Novelty: To build neuroimaging connectome datasets for Late Life Depression (LLD), Dementia and healthy controls for our population. Many studies have looked at neuropsychological profiles and single MRI sequence to explore the correlation between LLD and Dementia. This study looks at multimodal imaging which will allow us to build a predictive model for cognitive decline in LLD with more accuracy. To the best of our knowledge this is the first study from India exploring the connection between LLD and Dementia through multimodal imaging.

Methods and procedure: A prospective study of persons with LLD(n=35) with comparison groups of Dementia(n=35) and healthy controls(n=35). Connectomes are built using multimodal neuroimaging ( T1,T2,FLAIR,DWI,DTI,ASL and rsfMRI) sequences and neuropsychological assessments are carried out at 6 month and 12 month time points. A predictive model for cognitive decline in LLD will be built using the neuroimaging, neuropsychological and clinical data.

Outcome: Datasets for LLD, Dementia and healthy population. A predictive model that’ll inform us about which LLD patients are more likely to develop cognitive decline. This helps in early diagnosis and treatment planning Dementia. Having these datasets for our population will nurture future research in the field.

Keywords: Late Life Depression, Dementia, Connectome, Datasets, Predictive model

Problem Statement

LLD is considered both a risk factor and prodrome of Dementia, but the link between LLD and Dementia has not been fully elucidated. Not all patients with LLD progress into Dementia. It is not clear as to which clinical and neuropsychological profile of patients develop Dementia.

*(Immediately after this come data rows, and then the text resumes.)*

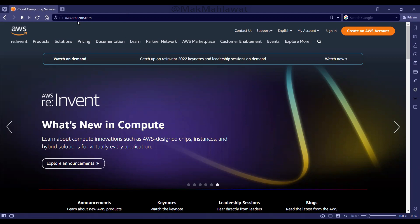First we need to log in to aws.amazon.com and sign in to our AWS account.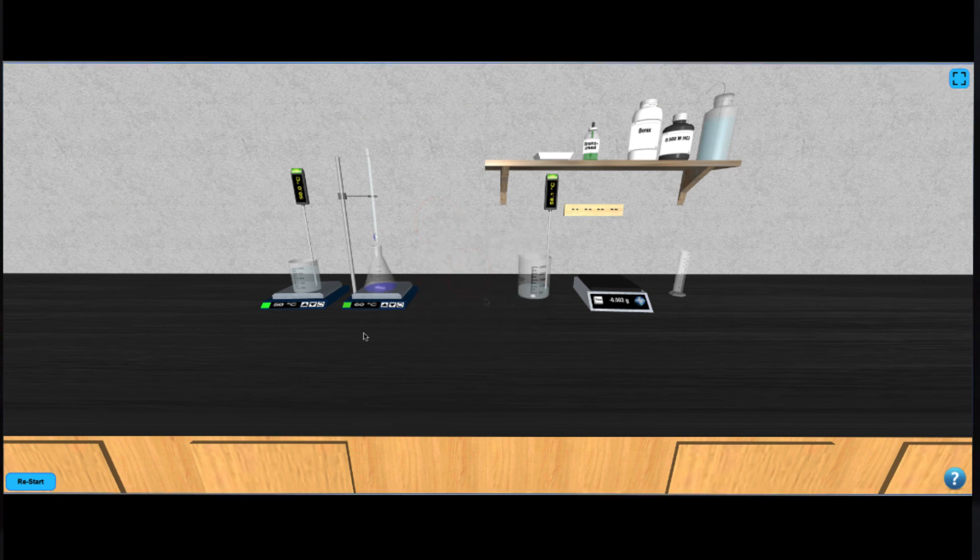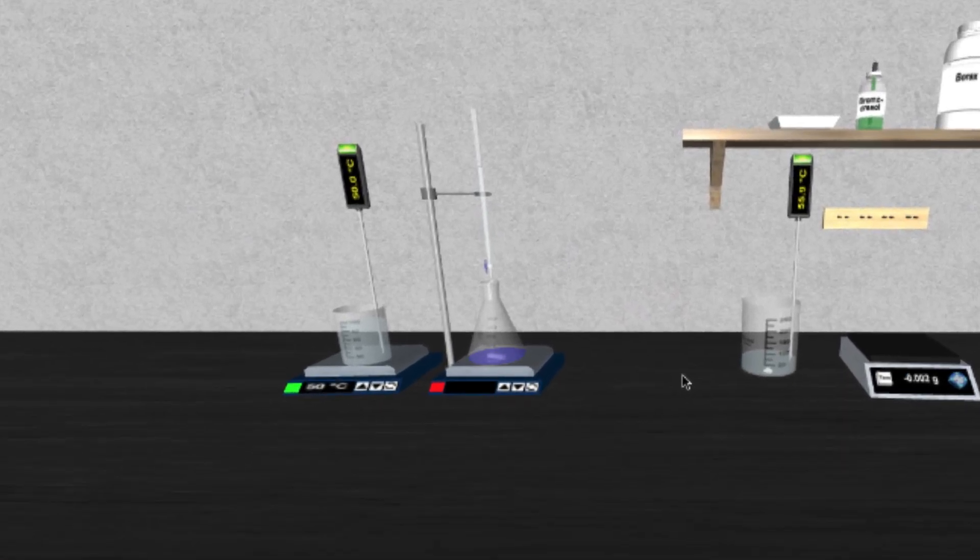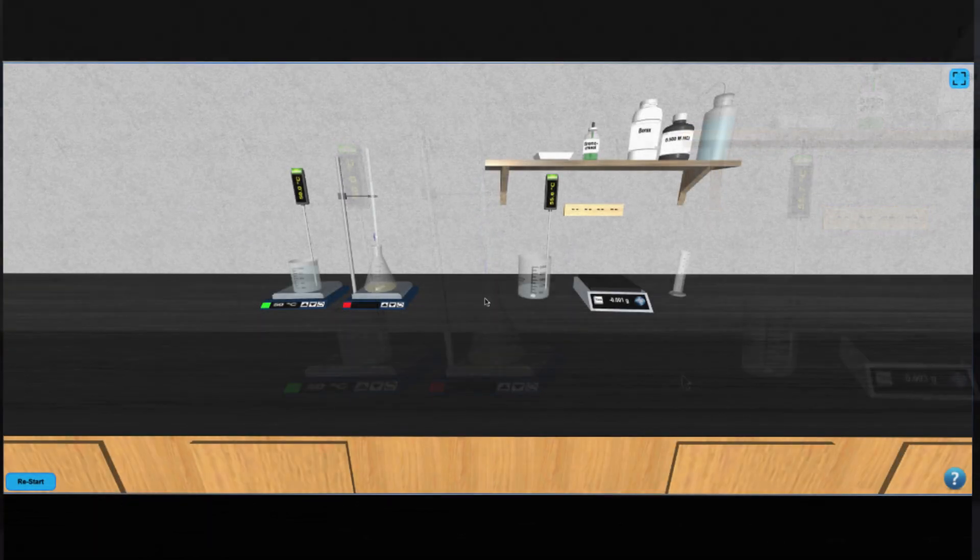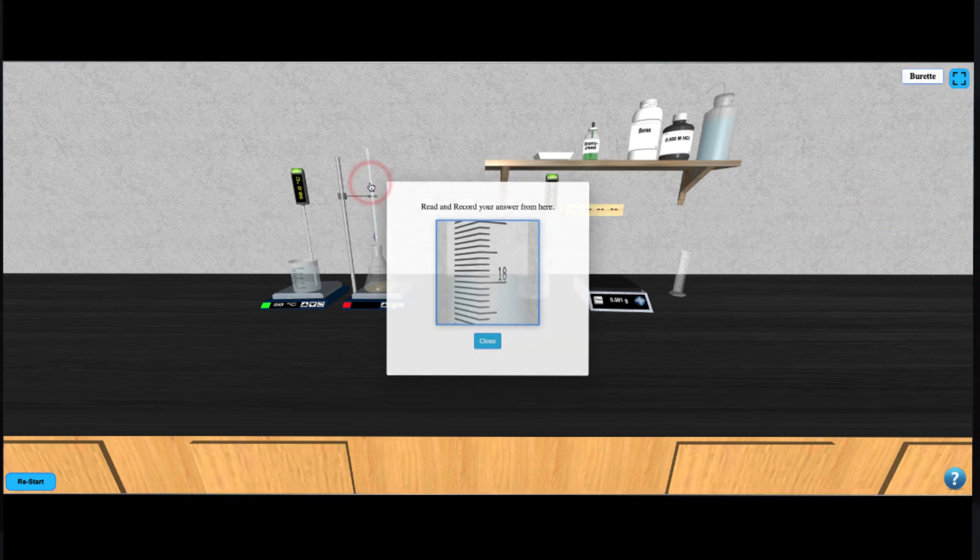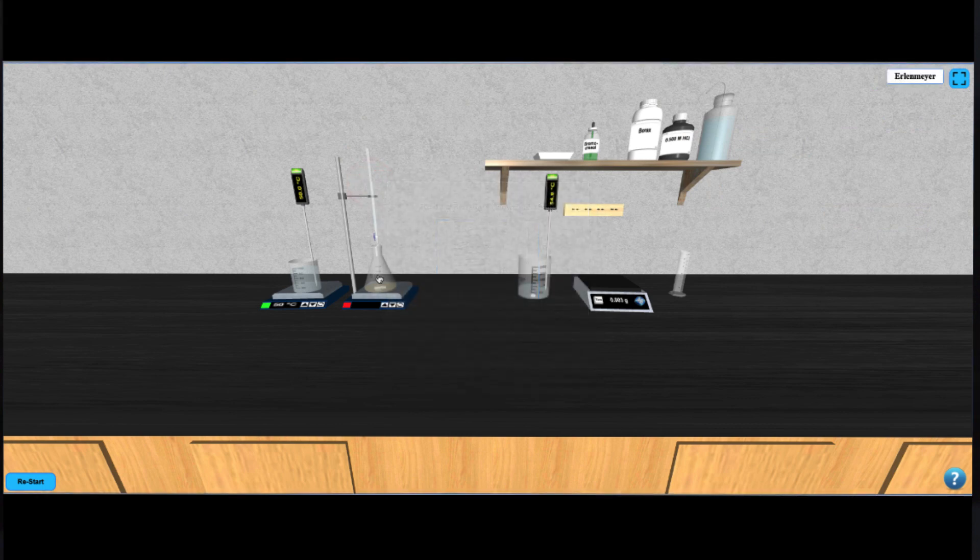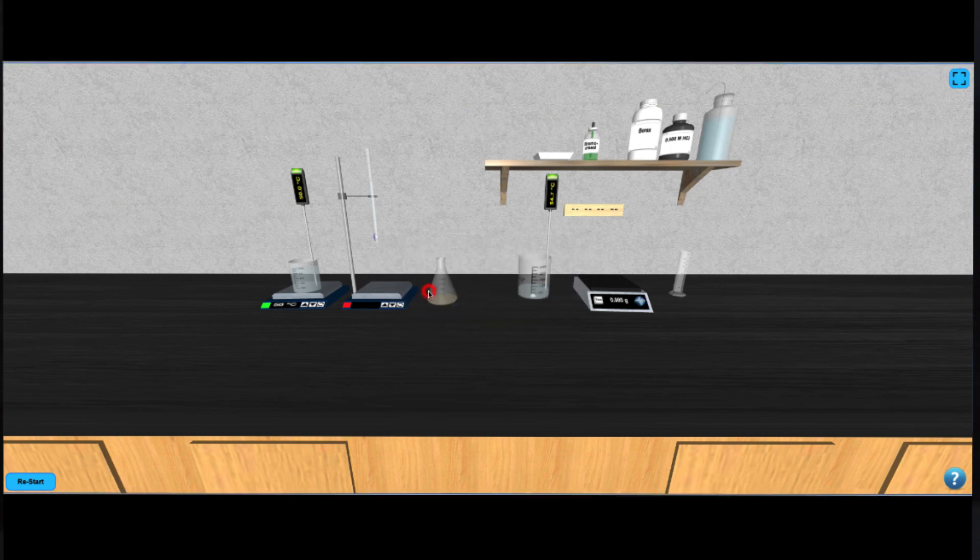Titrate the solution by hitting your down arrow key until the solution turns the appropriate color. At that point, you can zoom in to read the scale on the burette. Now you can click on the Erlenmeyer to move it back to the table and click it again to clear it.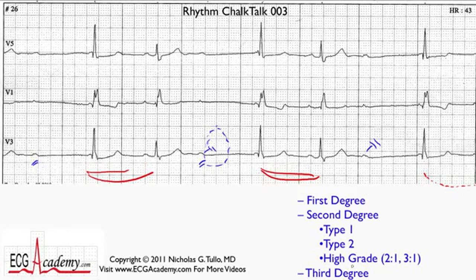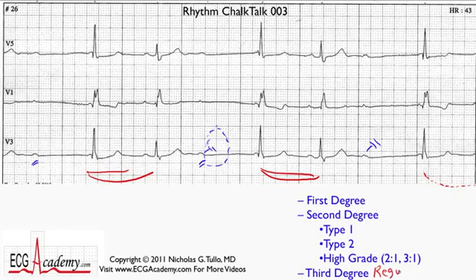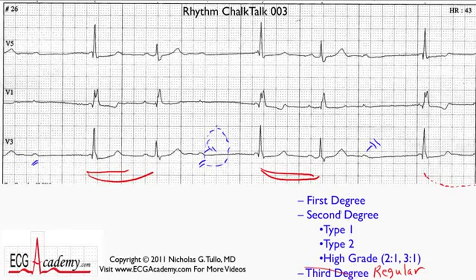In order to have third degree AV block, none of the P waves should be getting through. If none of the P waves get through, then the ventricular rhythm has to be some kind of escape rhythm. Usually a low junctional focus or an idioventricular focus will arise as an escape rhythm, and the QRS complexes will be regular. These are not regular, so we know third degree AV block is not present. And it's clearly not first degree because some P waves are failing to conduct.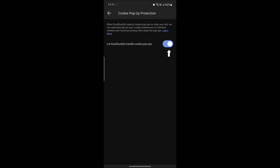You can see that you can enable or disable this. When DuckDuckGo detects the cookie pop-ups on the sites you visit, they can automatically set your cookie preferences to minimize cookies and maximize privacy. So you can either enable or disable this function.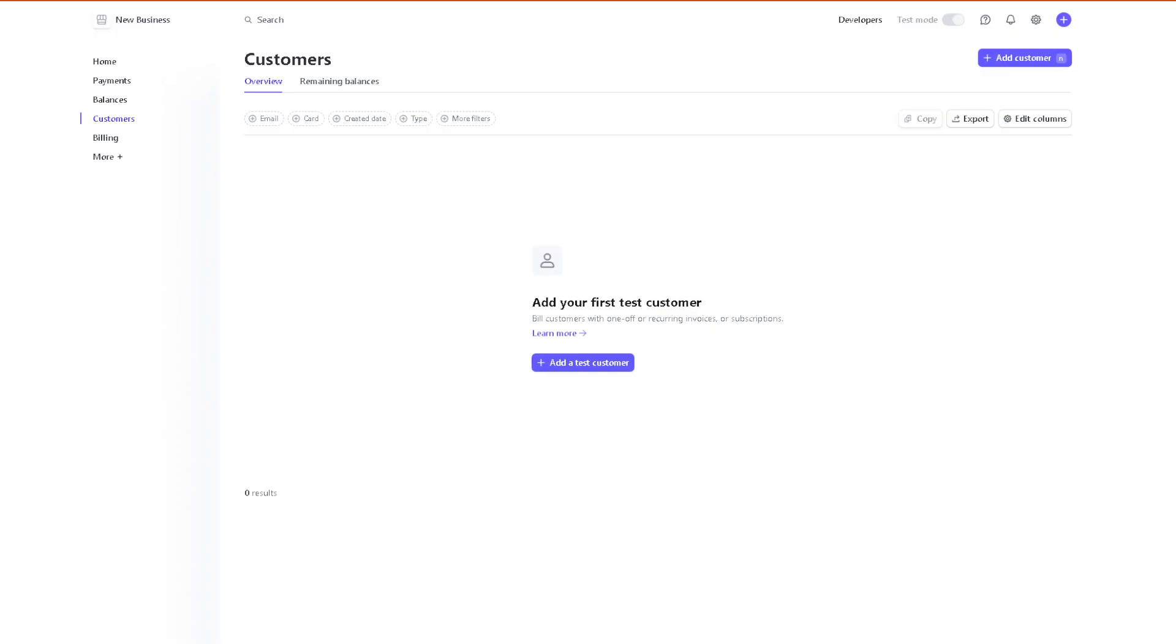Once you are here, remember that sending money from your Stripe account to your bank account is a very straightforward process. From here, in the left side panel of your dashboard, hover down to the balances and click on that.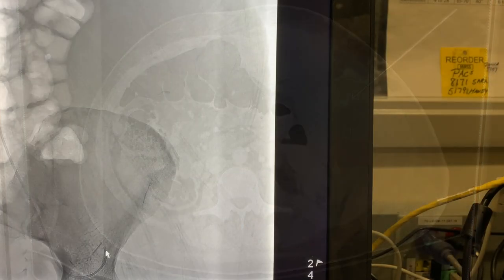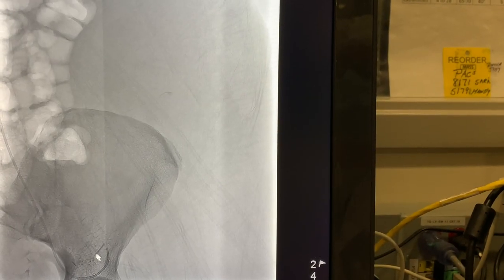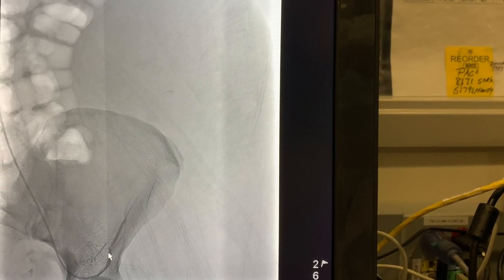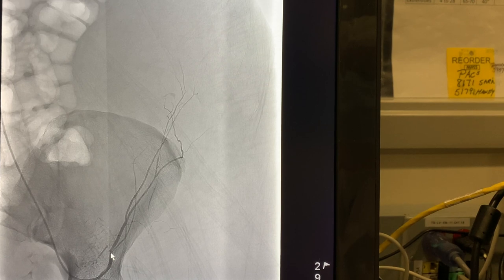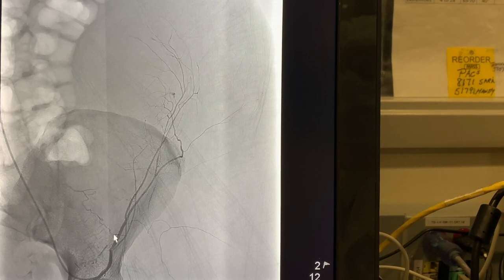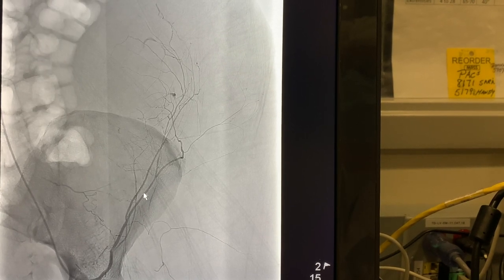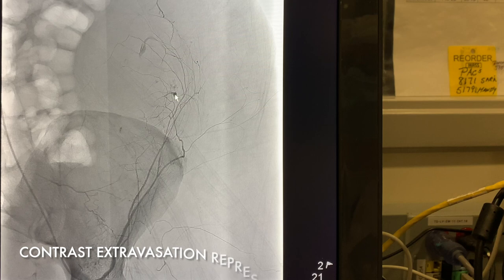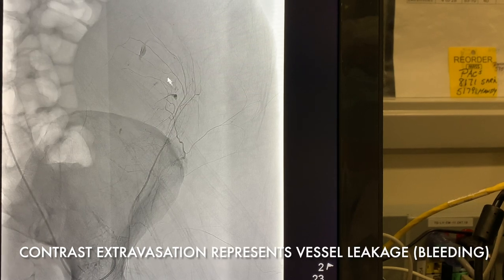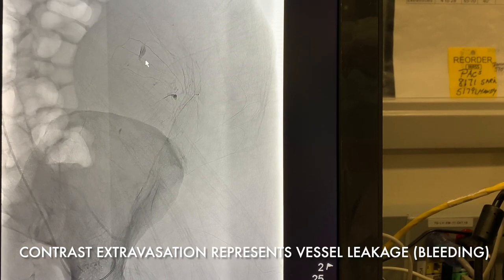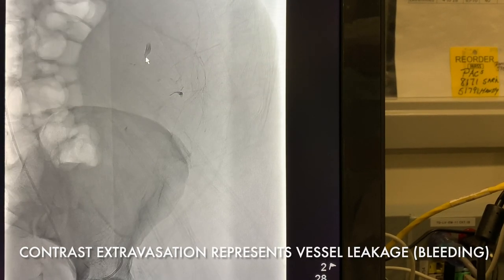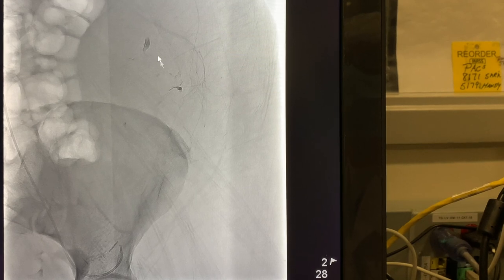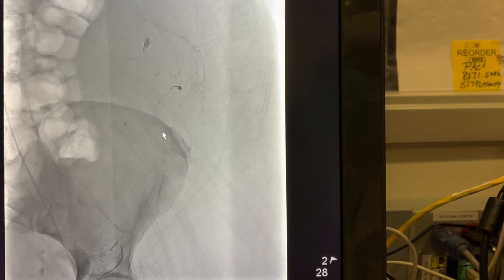Our catheter is placed into the left inferior gastric artery, and as the contrast gets injected, we can see areas where there's active contrast extravasation in more than one location. These are corresponding to the findings that are in the CAT scan, and those are the locations that will be embolized.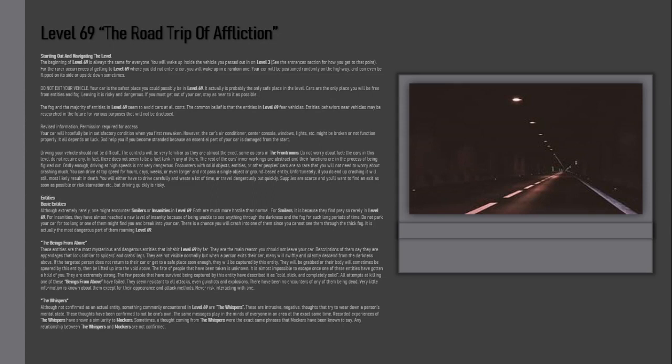Entities: Basic entities. Although extremely rarely, one might encounter Smilers or Insanities in Level 69. Both are much more hostile than normal. For Smilers, it is because they find prey so rarely in Level 69. For Insanities, they have almost reached a new level of insanity because of being unable to see anything through the darkness and the fog for such long periods of time. Do not park your car for too long or one of them might find you and break into your car.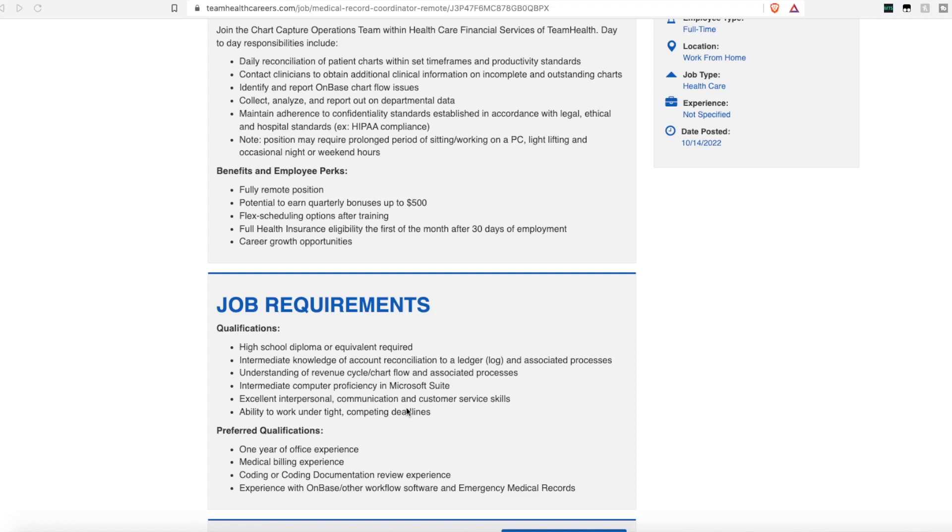They are looking for someone who has a high school diploma or GED, but no college degree is required. Someone who has intermediate knowledge of account reconciliation. Someone who has understanding of revenue cycle. Someone who is proficient in Microsoft Suite, that is like Office Excel, and someone who has great communication skills.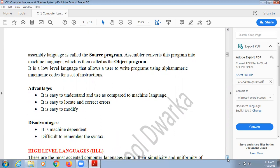What is the advantage of assembly language? It is easy to understand and use compared to machine language. Writing everything in zeros and ones was really very difficult, but here the language is a little easier because we use simple words and numerics. It is also easy to locate and correct errors since it is not just zeros and ones.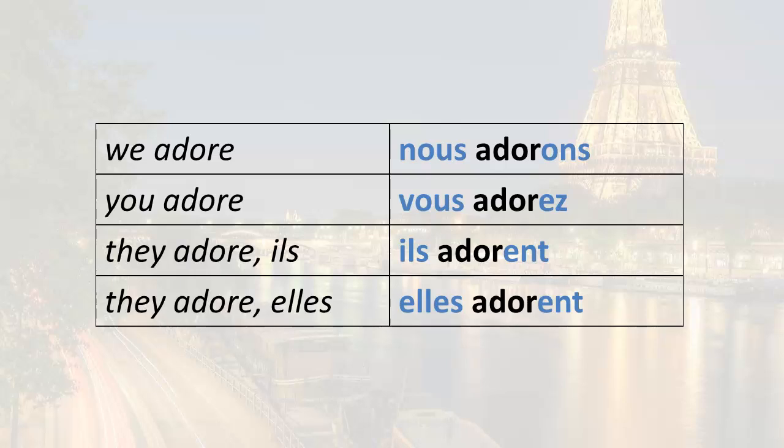So now, remember that one of the ways that you can ask questions in French is to start with the verb form first and then follow it with the subject pronoun — and you have to place a hyphen between them. So nous adorons means we adore. If you wanted to ask the question do we adore, it would be adorons-nous?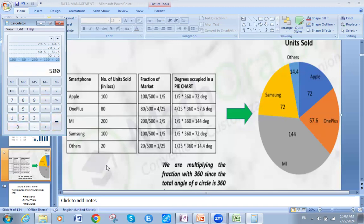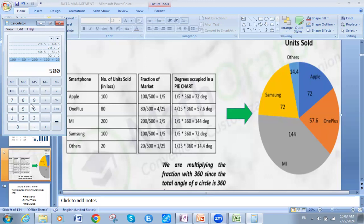The second step is to divide each value by 500, then multiply by 360. For Apple: 100 divided by 500, then multiplied by 360, gives 72 degrees. This is better done in two clear steps rather than one — it's more organized. So 100 divided by 500, times 360, equals 72 degrees.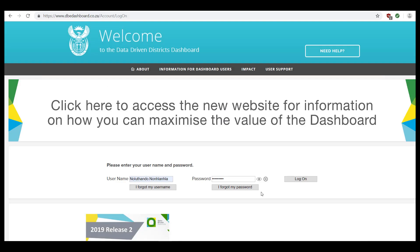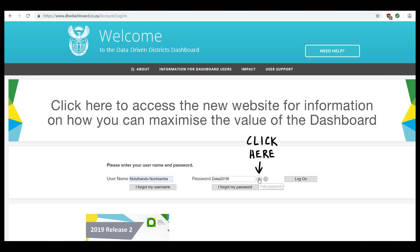If you have automatically saved your username and password using the autosave option offered by your internet browser, then you can view the auto-completed password by clicking on the small i to the right of the password text box.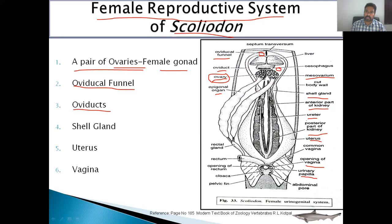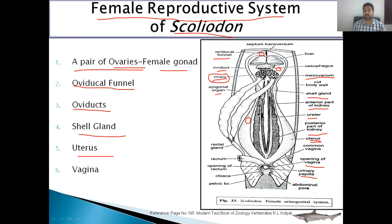The shell gland secretes a thin membranous covering over the fertilized egg. The fertilized egg, now called a zygote, comes down and gets implanted in the uterus. In the uterus, implantation and development of the embryo takes place inside the body of the female, and the female directly gives birth to the young ones. Both uteri join to form a common uterus, which opens into the vagina, and the vagina opens into the cloaca.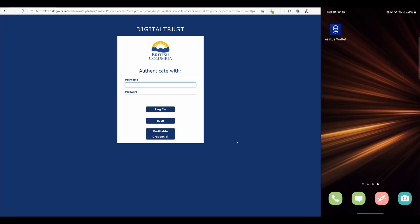This is a demonstration of the interoperability between the business partner agent and the eSATUS wallet. On the left hand side of the screen we have the business partner agent protected by login services. There are three options enabled.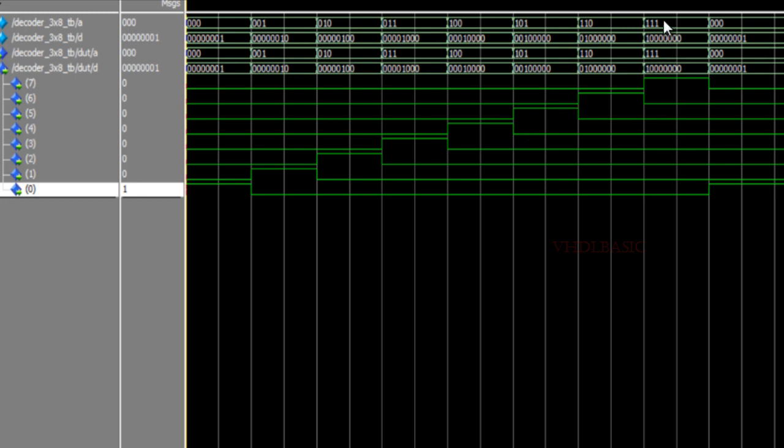Likewise, if A is 7, the seventh bit of D is going high. So this is the 3-to-8 decoder implementation in VHDL. Thanks for watching this video. Please like, share, and subscribe to this channel for more videos.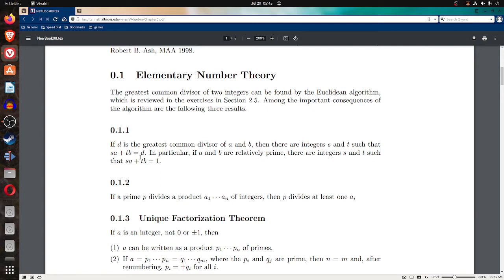In other words, the greatest common divisor of A and B is a linear combination of A and B, where S and T are integers.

Though many prospective studies have established the temporal association of LLD and Dementia, the known biomarkers didn’t yield conclusive evidence for the same. Neuroimaging findings are one of the biomarkers that will inform us about the risk of progression to Dementia. Till now many prospective studies have looked at individual sequences and techniques of neuroimaging to establish a link between LLD and Dementia and identified patterns similar to both the conditions. But there is lot of inconsistency due to multiple factors like symptom heterogeneity, lack of experimental rigor, individual marker/ imaging technique etc. Use of multimodal neuroimaging techniques, each having its own strengths yields more comprehensive understanding of brain abnormalities, pathology, and their relationship to clinical symptoms.

Hypothesis/ Research question: This study hypothesizes that Late life depression (LLD) and Dementia share more underlying structural and functional changes in the brain than previously understood. We intend to investigate this overlap by creating connectomes using advanced neuroimaging techniques and study specific patterns of connectome that will predict the cognitive decline in LLD patients.

The research question: How do neuroimaging connectomes in LDD and Dementia patients overlap and differ and can specific connectome patterns in LLD patients predict the extent of cognitive decline at one year follow-up?